The New York Post reported Tuesday that the FTC has issued civil investigative demands (CIDs) to Walgreens vendors and competitors to get more information for its antitrust review. Citing unnamed sources, the Post said the CIDs could indicate that the FTC isn’t ready to clear the merger transaction — announced nearly 19 months ago — and might even be gathering information for a potential lawsuit to block the deal.

The Post noted, though, that the issuance of CIDs doesn’t mean the FTC won’t end up approving the WBA-Rite Aid deal.

Rite Aid shares were down nearly 7% to $3.84 as of noon trading Tuesday. WBA shares had dipped a half-percent to $84.53.

On May 8, WBA and Rite Aid announced that they have “certified substantial compliance” with the FTC for their proposed merger, meaning that they have provided the information needed to determine if the Walgreens-Rite Aid merger is antitrust-compliant.

The companies said that in January 2016 they entered into an agreement with the FTC to not close the merger deal until at least 60 calendar days after they had certified substantial compliance with the regulator’s second request for information.
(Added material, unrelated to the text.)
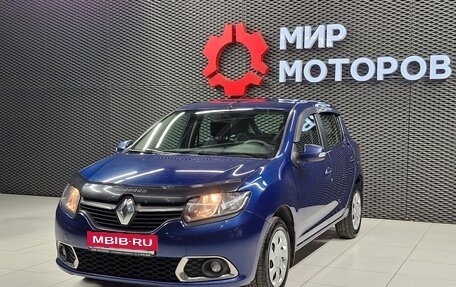 Renault Sandero II рестайлинг, 2016 год, 900 000 рублей, 1 фотография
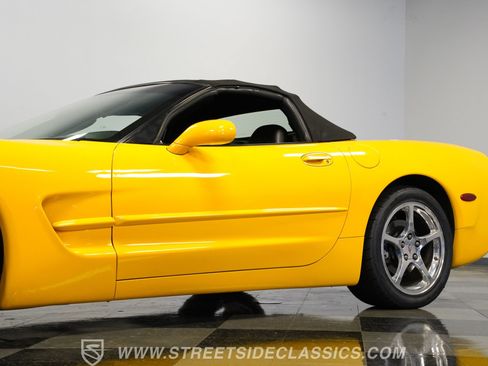 Used 2004 Chevrolet Corvette Convertible w/ Preferred Equipment Group RWD image 23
The FTC had made its second request for information on the WBA-Rite Aid deal in December 2015. That extended the waiting period until 30 days after WBA and Rite had substantially complied with the request, unless that period was terminated sooner by the FTC or extended by the companies.

Last week’s move by WBA and Rite Aid gave the FTC 60 days to complete its review of the transaction. The agency can wrap up its investigation and green-light the deal, enter into a settlement with the companies or block the transaction.

WBA and Rite Aid amended the merger agreement on Jan. 30., requiring approval from Rite Aid shareholders. The revised price for the  deal is $6.50 to $7.00 per share, putting the cash portion of the transaction at about $6.84 billion to $7.37 billion — depending on the number of store divested — plus the assumption of Rite Aid’s debt. The original acquisition offer on Oct. 27, 2015, was for $9 per share and the assumption of over $7 billion in net debt, for a total deal value of $17.2 billion.

Fred’s Inc. has agreed to acquire 865 or more Rite Aid stores in connection with the merger.